Aaron De Long
Pennsylvania Association for Sustainable Agriculture
Three years ago, Joseph Moyer had recently graduated from high school and was living on the dairy farm where he grew up in Bradford County, Pennsylvania. Though his two brothers had worked on the farm, Joseph was the youngest and had never helped much with the cows. But at that point, Joseph’s brothers had both left the farm and his father, Brian, needed help.
Dissatisfied with his carpentry job, Joseph began considering a career in dairy—despite the fact that he knew little about milking, grazing, tractors, and most everything else that was routine work for his father.

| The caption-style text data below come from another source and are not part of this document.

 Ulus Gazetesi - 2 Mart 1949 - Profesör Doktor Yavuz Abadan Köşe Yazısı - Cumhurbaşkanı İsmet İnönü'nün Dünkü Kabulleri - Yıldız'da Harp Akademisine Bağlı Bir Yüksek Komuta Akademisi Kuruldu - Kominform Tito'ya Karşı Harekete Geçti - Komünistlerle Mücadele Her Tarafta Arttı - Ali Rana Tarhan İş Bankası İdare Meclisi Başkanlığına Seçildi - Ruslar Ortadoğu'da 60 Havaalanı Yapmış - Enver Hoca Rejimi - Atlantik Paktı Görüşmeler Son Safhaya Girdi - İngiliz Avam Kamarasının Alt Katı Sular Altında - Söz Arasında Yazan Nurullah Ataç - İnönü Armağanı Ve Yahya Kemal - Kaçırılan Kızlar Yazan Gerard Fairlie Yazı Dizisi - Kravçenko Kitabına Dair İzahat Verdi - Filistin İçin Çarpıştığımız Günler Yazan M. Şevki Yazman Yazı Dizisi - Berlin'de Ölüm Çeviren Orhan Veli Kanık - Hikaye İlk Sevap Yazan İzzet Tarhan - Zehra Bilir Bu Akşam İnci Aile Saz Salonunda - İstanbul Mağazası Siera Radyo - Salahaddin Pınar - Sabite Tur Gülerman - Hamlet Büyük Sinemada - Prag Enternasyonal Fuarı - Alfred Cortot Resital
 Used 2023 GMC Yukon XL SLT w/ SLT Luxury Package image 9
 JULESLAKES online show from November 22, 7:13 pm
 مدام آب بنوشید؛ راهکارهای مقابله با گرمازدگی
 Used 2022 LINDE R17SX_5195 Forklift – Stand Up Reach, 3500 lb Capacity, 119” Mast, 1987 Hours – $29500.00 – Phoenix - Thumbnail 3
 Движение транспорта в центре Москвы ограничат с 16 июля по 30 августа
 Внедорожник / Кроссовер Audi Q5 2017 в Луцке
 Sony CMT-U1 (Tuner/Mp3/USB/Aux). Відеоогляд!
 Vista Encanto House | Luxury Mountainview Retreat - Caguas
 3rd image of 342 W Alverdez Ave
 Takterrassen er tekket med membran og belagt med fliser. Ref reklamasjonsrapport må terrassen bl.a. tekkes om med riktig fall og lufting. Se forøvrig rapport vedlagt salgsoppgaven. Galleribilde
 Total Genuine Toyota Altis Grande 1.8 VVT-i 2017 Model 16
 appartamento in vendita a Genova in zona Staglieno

So when Joseph and Brian learned about Dairy Grazing Apprenticeship, they decided it could be a win-win: Joseph would be formally trained to manage a dairy, while Brian would receive a structured curriculum for passing on his knowledge to his son and at the same time gain a committed employee.
Three years, 4,000 hours of on-the-job training, 300 hours of related instruction, and a half dozen online classes later, Joseph became the first Pennsylvania graduate of the nationally registered apprenticeship program, which PASA administers in Pennsylvania and the surrounding region. Joseph joins a small but growing cohort of young and beginning farmers across the country training to manage or start their own farm operation through state- and federally registered apprenticeships.
Joseph joins a small but growing cohort of young and beginning farmers across the country training to manage or start their own farm operation through state and federally registered apprenticeships.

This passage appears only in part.